GloVe的介绍
GloVe是斯坦福大学提出的一种新的词矩阵生成的方法,综合运用词的全局统计信息和局部统计信息来生成语言模型和词的向量化表示。官方主页:
[http://nlp.stanford.edu/projects/glove/]
GloVe的安装与使用
在这里介绍ubuntu linux环境下C版本的Glove的使用。
下载代码
去官网[https://nlp.stanford.edu/projects/glove/]下载GloVe-1.2.zip
代码文件介绍:
进入glove目录下,首先先参考README.txt,里面主要介绍这个程序包含了四部分子程序,按步骤分别是vocab_count、cooccur、shuffle、glove。
1.vocab_count:用于计算原文本的单词统计(生成vocab.txt,每一行为:单词 词频)
2.cooccur:用于统计词与词的共现,目测类似与word2vec的窗口内的任意两个词(生成的是cooccurrence.bin二进制文件)
3.shuffle:对于2中的共现结果重新整理(生成的也是二进制文件cooccurrence.shuf.bin)
4.glove:glove算法的训练模型,会运用到之前生成的相关文件(1&3),最终会输出vectors.txt和vectors.bin(前者直接可以打开,主要针对它做研究,后者还是二进制文件)
训练词向量
- 解压文件,并上传该代码,,先将下载的文件解压到E盘下,上传
put -r E:\GloVe-1.2
- 打开文件GloVe-1.2,并编译程序,输入:
make
文件编译成功,会产生一个build文件。
3.执行文件,输入:
./sh demo.sh
成功的话就会产生coocurrence.bin,coocurrence.shuff.bin,vocab.txt,vectors.bin,和vectors.bin文件,打开vocab.txt就可以看到训练得到的词向量结果。
(1) 若出现如下问题,则是权限的问题
修改权限如下:
chmod +x demo.sh
(2) 若出现如下问题,
则需要修改demo.sh文件
$BUILDDIR/vocab_count -min-count $VOCAB_MIN_COUNT -verbose $VERBOSE < $CORPUS > $VOCAB_FILE
if [[ $? -eq 0 ]]
then
$BUILDDIR/cooccur -memory $MEMORY -vocab-file $VOCAB_FILE -verbose $VERBOSE -window-size $WINDOW_SIZE < $CORPUS > $COOCCURRENCE_FILE
if [[ $? -eq 0 ]]
then
$BUILDDIR/shuffle -memory $MEMORY -verbose $VERBOSE < $COOCCURRENCE_FILE > $COOCCURRENCE_SHUF_FILE
if [[ $? -eq 0 ]]
then
$BUILDDIR/glove -save-file $SAVE_FILE -threads $NUM_THREADS -input-file $COOCCURRENCE_SHUF_FILE -x-max $X_MAX -iter $MAX_ITER -vector-size $VECTOR_SIZE -binary $BINARY -vocab-file $VOCAB_FILE -verbose $VERBOSE
if [[ $? -eq 0 ]]
then
if [ "$1" = 'matlab' ]; then
matlab -nodisplay -nodesktop -nojvm -nosplash < ./eval/matlab/read_and_evaluate.m 1>&2
elif [ "$1" = 'octave' ]; then
octave < ./eval/octave/read_and_evaluate_octave.m 1>&2
else
python eval/python/evaluate.py
fi
fi
fi
fi
fi
将以上代码修改为以下代码:
echo "$ $BUILDDIR/vocab_count -min-count $VOCAB_MIN_COUNT -verbose $VERBOSE < $CORPUS > $VOCAB_FILE"

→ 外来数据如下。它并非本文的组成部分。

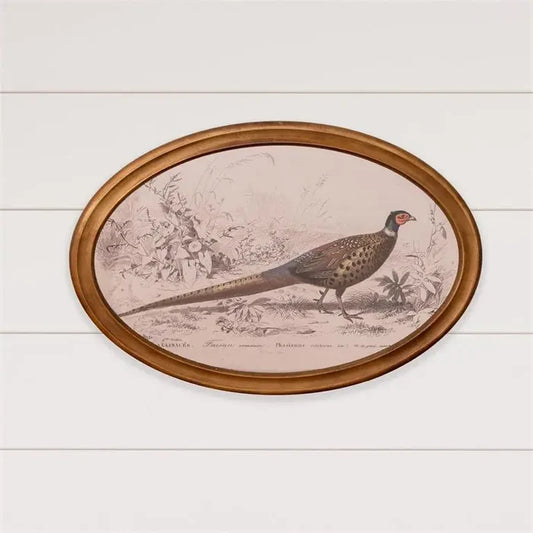 Oval Framed Pheasant Print 16 x 24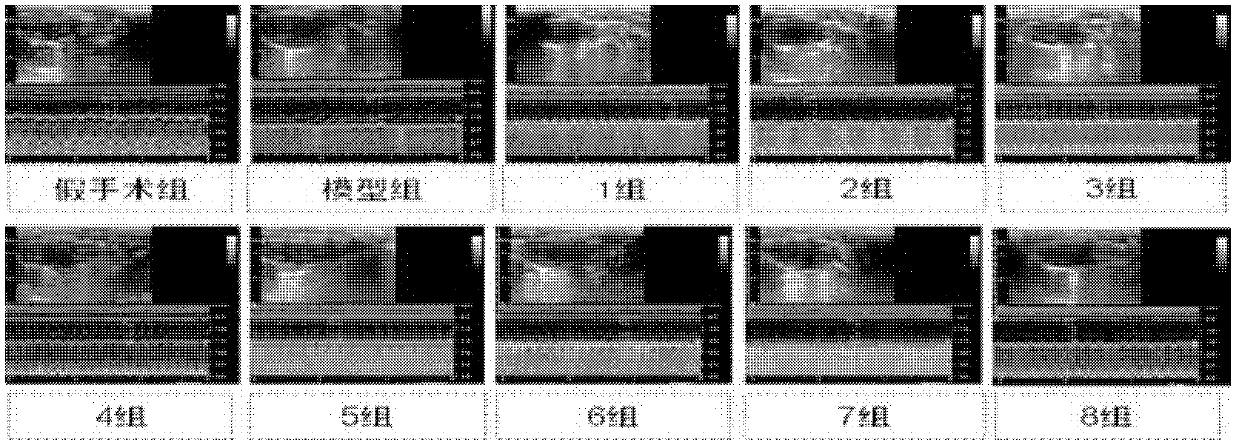 A pharmaceutical composition containing active ingredients of Shengmaiyin and its preparation method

$BUILDDIR/vocab_count -min-count $VOCAB_MIN_COUNT -verbose $VERBOSE < $CORPUS > $VOCAB_FILE
echo "$ $BUILDDIR/cooccur -memory $MEMORY -vocab-file $VOCAB_FILE -verbose $VERBOSE -window-size $WINDOW_SIZE < $CORPUS > $COOCCURRENCE_FILE"

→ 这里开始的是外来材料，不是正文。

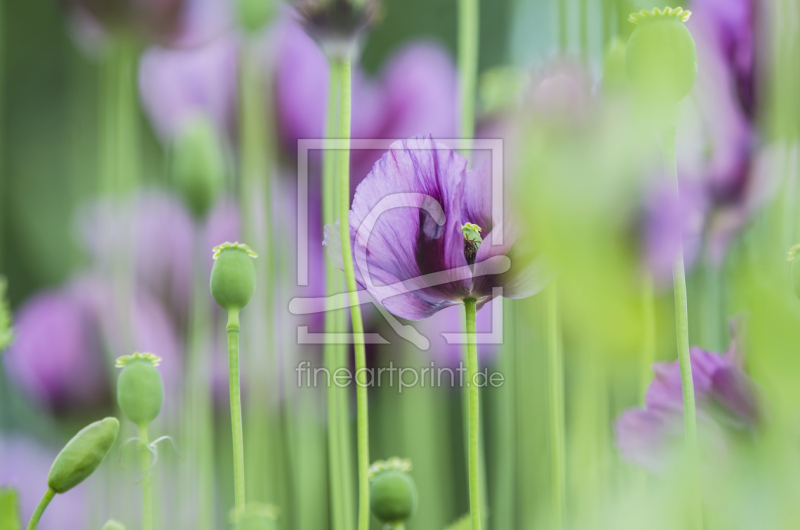 frei wählbarer Bildausschnitt für Ihr Bild auf Poster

$BUILDDIR/cooccur -memory $MEMORY -vocab-file $VOCAB_FILE -verbose $VERBOSE -window-size $WINDOW_SIZE < $CORPUS > $COOCCURRENCE_FILE
echo "$ $BUILDDIR/shuffle -memory $MEMORY -verbose $VERBOSE < $COOCCURRENCE_FILE > $COOCCURRENCE_SHUF_FILE"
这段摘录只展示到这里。